- Theatrical release poster
- Directed by: Tom Hedegaard Morten Arnfred
- Written by: Henning Bahs Erik Balling
- Produced by: Bo Christensen
- Starring: Ove Sprogøe
- Music by: Bent Fabricius-Bjerre
- Distributed by: Nordisk Film
- Release date: 18 December 1998;
- Running time: 100 minutes
- Country: Denmark
- Language: Danish
- Box office: 627,101 admissions (Denmark)

= The Olsen Gang's Last Trick =

The Olsen Gang's Last Trick (Olsen-bandens sidste stik) is a 1998 Danish comedy film directed by Tom Hedegaard and Morten Arnfred, and starring Ove Sprogøe. The film was the 14th and last in the Olsen Gang series. This film was a latecomer after a 17-year break, when the other films were recorded with an annual premiere or close to it in the period 1968–1981.

During the recordings, both Poul Bundgaard and the director Tom Hedegaard died. Morten Arnfred took over the direction, while Tommy Kenter recorded individual scenes in the role of Kjeld (Bundgaard's role), and Kurt Ravn provided the voice. It was arranged so that Kjeld is either seen from behind or from a long distance. However, they had managed to get a number of scenes with close-ups of Poul Bundgaard recorded beforehand, so the replacement did not mean much for the overall film, apart from the end, which had to be completely rewritten so that Kjeld was not included. Instead, Ruth is the third member of the Gang.

==Plot==
After 17 years, Egon gets placed at the Institute for Theoretical Crime, which is a psychiatric institution for incurably criminal persons. He had left the institution for the first time to participate in a TV talk show. Benny, who worked in unreported employment for a taxi company, and Kjeld, who sits in a wheelchair and lives in a nursing home after Yvonne's death in 1987, both watch the broadcast. They both decide to immediately visit the TV studio to seek out, once again, Egon, whom they have not seen for 17 years.

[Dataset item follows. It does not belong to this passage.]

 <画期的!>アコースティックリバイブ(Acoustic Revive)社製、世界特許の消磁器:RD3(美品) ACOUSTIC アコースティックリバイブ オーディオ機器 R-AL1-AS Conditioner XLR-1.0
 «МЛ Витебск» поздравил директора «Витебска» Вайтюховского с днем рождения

While Egon desperately seeks a toilet after participating in the talk show, he goes outside the studio, where he meets Benny. Together, they decide to visit Kjeld at the nursing home. Kjeld met a lady, Ruth, with whom he wanted to buy an apartment for both of them in Málaga. Egon has a new plan to lead the Olsen gang to the necessary capital. During his long time in psychiatry, Egon has devised countless plans, all of which have been confiscated by the superintendent and are now in his safe. The Olsen gang opens the safe to realize Egon's most significant plan: rob the English crown jewels.

However, not only Kjeld and Benny could recognize Egon on television, but also department head Hallandsen from the Ministry of Justice. This causes the Olsen gang a problem, namely that in Denmark, there is a suitcase containing the strictly confidential Wandenberg documents. If these become public knowledge, the world will collapse, as these documents contain precise descriptions of all significant scandals from the past decades. A first attempt by Hallandsen, with the help of two ministry officials, fails to steal the documents from the Ministry of Foreign Affairs' archive, where they are kept. Because of the broadcast, he has been reminded of Egon Olsen, which makes the problem bigger. He instructs expedition secretary Holm-Hansen to find Egon. Holm-Hansen consults detective assistant Jensen, who should have retired long ago but had to wait 17 years due to a computer error. Jensen advises Holm-Hansen to check the only Franz Jäger safe from 1944 left in Denmark, which Egon will sooner or later break open. This cabinet is located in the Department of Theoretical Crime.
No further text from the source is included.